The fifteen small, untitled paintings on view were arranged roughly chronologically. Earlier works depicted studio setups, composites of late twentieth-century consumerism with a faint masculine flavor: books by Philip K. Dick and J. G. Ballard, a Maxell cassette, a Mennen Speed Stick, a Marlboro soft-pack, open cans of Coca-Cola Classic. Blair is genuinely interested in the charge of pleasure and boredom attached to incidentals like ashtrays and comic books. But his real fascination is with the way in which reflective surfaces keep the handmade realist image strangely liquid, simultaneously opposed and indebted to the simulacral, instrumental reproduction. Blair arranged his name-brand totems on sheets of glass painted on their undersides, photographed the arrangements, and painted from the photographs. Occasionally, he spray-painted the paper before modeling the image in gouache and pencil. Through such simple technical procedures, the arrays appear to hover on richly hued, smoothly continuous, subtly mirrored grounds. A travel alarm clock (Braun) and a carton of cigarettes (Marlboro) ghost themselves in pools of reflection. Then, of course, the pictures are framed behind glass, adding random reflections of the gallery’s interior or viewers’ faces.

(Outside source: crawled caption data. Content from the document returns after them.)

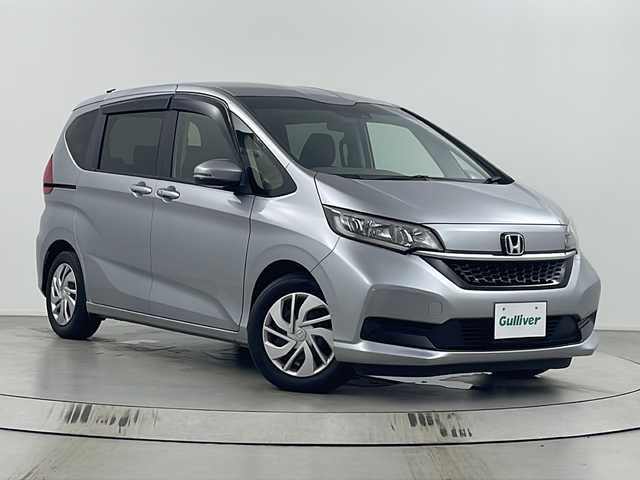 ホンダ フリード G ホンダセンシング 埼玉県 2020(令2)年 6.8万km ルナシルバーM 純正ナビ/（BT/フルTV/CD/DVD/AM/FM）/バックカメラ/ホンダセンシング/・衝突軽減ブレーキ（CMBS）/・アダプティブクルーズコントロール（ACC)/・車線維持支援システム（LKAS)/・オートハイビーム/両側パワースライドドア/ビルトインETC/シートヒーターDN席/スペア1本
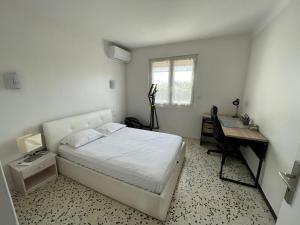 Postel nebo postele na pokoji v ubytování Grande villa familiale à 5 min des plages en voiture - 4 chambres - wifi - clim - stationnement facile - grande cour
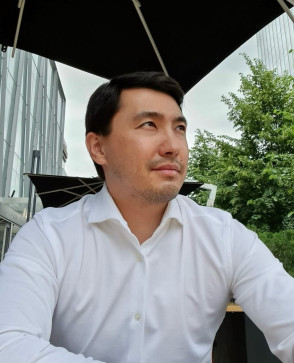 Seung Park, 45, United States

This literal transparency registers most strongly in the second group of works. These derive not from studio contrivance but from accidental arrangements on restaurant tables—that is, scenes you might glimpse through windows—also photographed and exactingly copied. A diner coffee cup and a half-full plastic water glass, a napkin or sugar dispenser thus rest on, and are observed through, seamlessly reflective surfaces. It’s a realm of airless totality, in which a flashbulb hot spot on the rim of a saltshaker threatens to swallow all adjacent existence, a bright black hole on a fast-food countertop.
Doubled and insubstantial, a hip dude’s bedside or lunchtime detritus thus takes on the otherworldly sheen of a Dutch still life, which itself then collapses into light-boxed ads of the sort one might find in a convention center. Merging memento mori with hedonistic celebration, Blair’s too-perfect, psychically invested possessions feel intentionally solipsistic, even quietly insane—the way half-eaten meals and small-town streets in Stephen Shore’s photographs feel violent, exhausted, peculiarly American. Blair’s more of a softie, though, than Shore. Enthusiasts of chrome and plate glass like Richard Estes and Audrey Flack come to mind, as do object-cathected diarists like Vija Celmins. There are hints of glam melancholia that recall Wolfgang Tillmans, and narrative spellbinding suggestive of Edward Hopper and Norman Rockwell. The fact that some of these Pop lyricists hail from generations well anterior to Blair’s, while others follow him, only ratifies the tenacity of the problem that is the contemplative fine-art image of a disposable mass-produced thing. What is realism? Why is it useful? The answer is always a variation on the theme of normalizing, via conventionality, the radical low-grade psychedelia of experience.
Perhaps Blair himself explains it best when, in an interview, his friend Richard Prince asks about the best place to install his work. Blair admits that the paintings are domestic and look good in homes. But his favorite site, he says, would be “a meditation room at an airport.”